2. If the BNP comes to power, will it be possible for it to go along with the excess baggage they have accumulated over the past five years in the shape of the extreme right-wing Hefajat-e-Islami or even the remnants of Jamaat-e-Islami? Specifically, will they accept the 13-point demand of Hefajat and other such groups in the lunatic fringe?
3. Assuming that the Awami League loses and is back in parliament as the opposition, does it mean the war crimes tribunal will be dismantled and all convicted criminals set free?

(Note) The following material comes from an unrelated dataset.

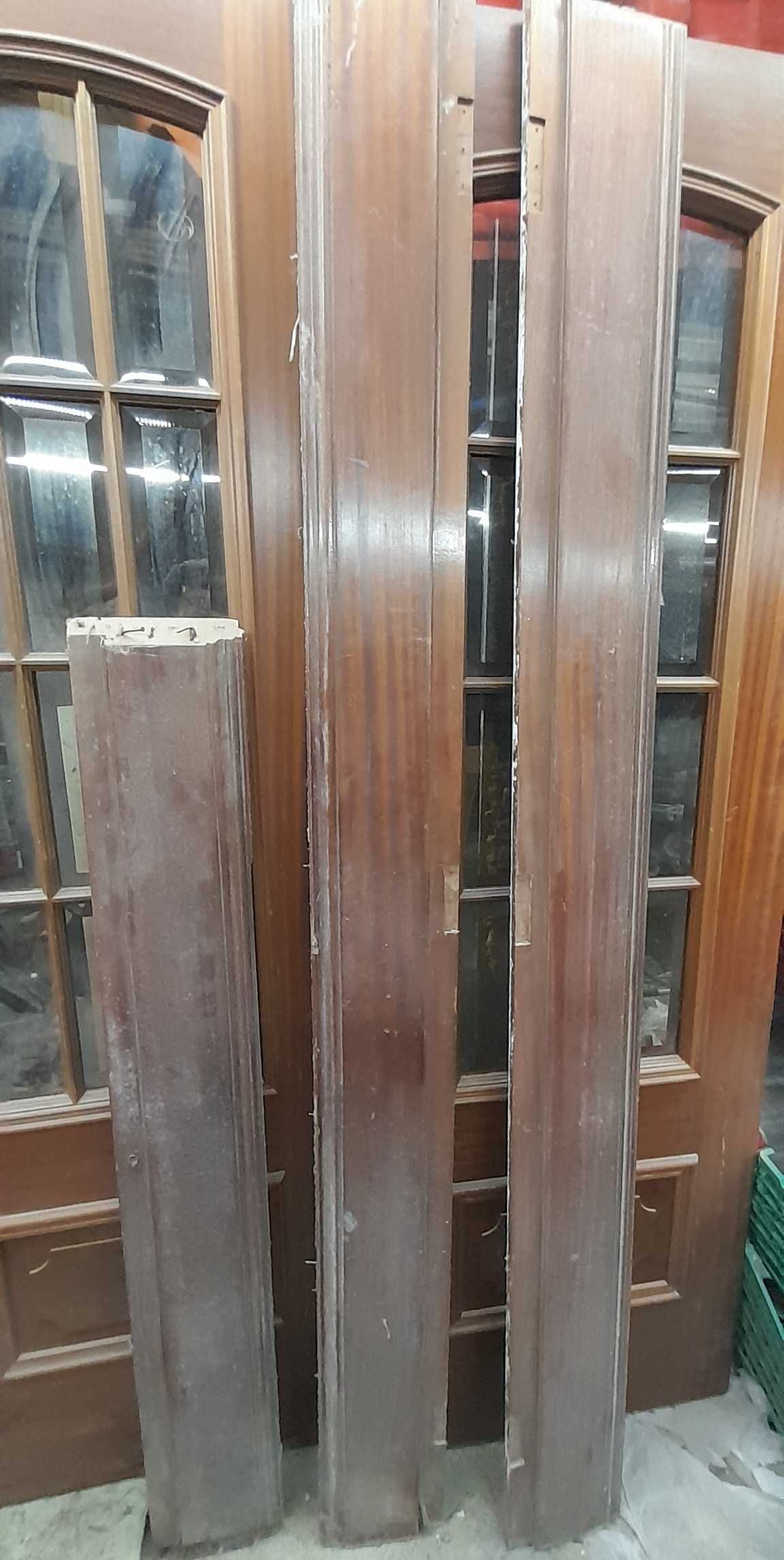 Portas de madeira maciça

Will the continuation of whatever has been of common good to the citizens in the AL tenure of five years be torpedoed?
4. Assuming that point 1 becomes a reality, does it mean that the Awami League has gotten so bankrupt (or ‘rotten’ to quote Khaleda Zia) as a political party that there is absolutely no chance of it ‘ever’ coming back to power?
While we mull over the above ‘what if’ hypothesis, the most important points for the citizens to consider is the following:
5. In the event of a BNP victory and capture of state power ‘democratically’, what guarantees do the citizens have that the Awami League will give a respite to street agitations, murder mayhems, human rights abuse, attacks on minorities and women as well as unending calls for hartal?
6. What assurances do we, as voters, have that tit-for-tat regime of violence and uncertainties that has been part and parcel of our so-called ‘political culture’ will end for good?
For now, there are unfortunately no convincing answers.
The BNP’s agenda for the polls is to merely trash the Awami League’s achievements and focus on what it sees as ‘corruption, arbitrary conduct, violence, human rights abuse’ and the much misused propaganda of ‘attack on Islamist and their construed faith and belief by atheist in the government’. That the BNP cannot absolve itself from the same exact evils and the same allegations is one that bedevils the national psyche.
Likewise, the Awami League’s agenda for the polls is only to talk about its achievements, and how the nation will face the prospects of ‘militancy, bomb attacks and rehabilitation of war criminals and Taibanisation’, if the BNP wins — an old and rehashed piece of trash that does nothing more than to appease the US and its allies in the non-existent war on terror! Other than a continuation of one fear psychosis or the other, the Awami League or the BNP has nothing tangible as such on offer.
In the above scenarios, it is not the politicians but the citizens who in the end will be the perfect and ultimate losers. Whether or not the election will be held at all is speculative, yet if within the ongoing chaos a ‘respectable poll’ does come through, what will be interesting to look out for is no party having a clear majority to form a government. A ‘hung parliament’ will hopefully usher in a ‘political culture’ where the Awami League and the BNP will be left with no option but to battle it out on the parliament floor — and not on the streets, not at the cost of innocent citizens. Outdating either ‘decisive’ or ‘brutal majority’ seems to be the only answer for the time being.
I welcome the prospects — as a hung parliament will ensure that the people, the citizens will be spared the ‘pain’ of being hanged by politicians repeatedly!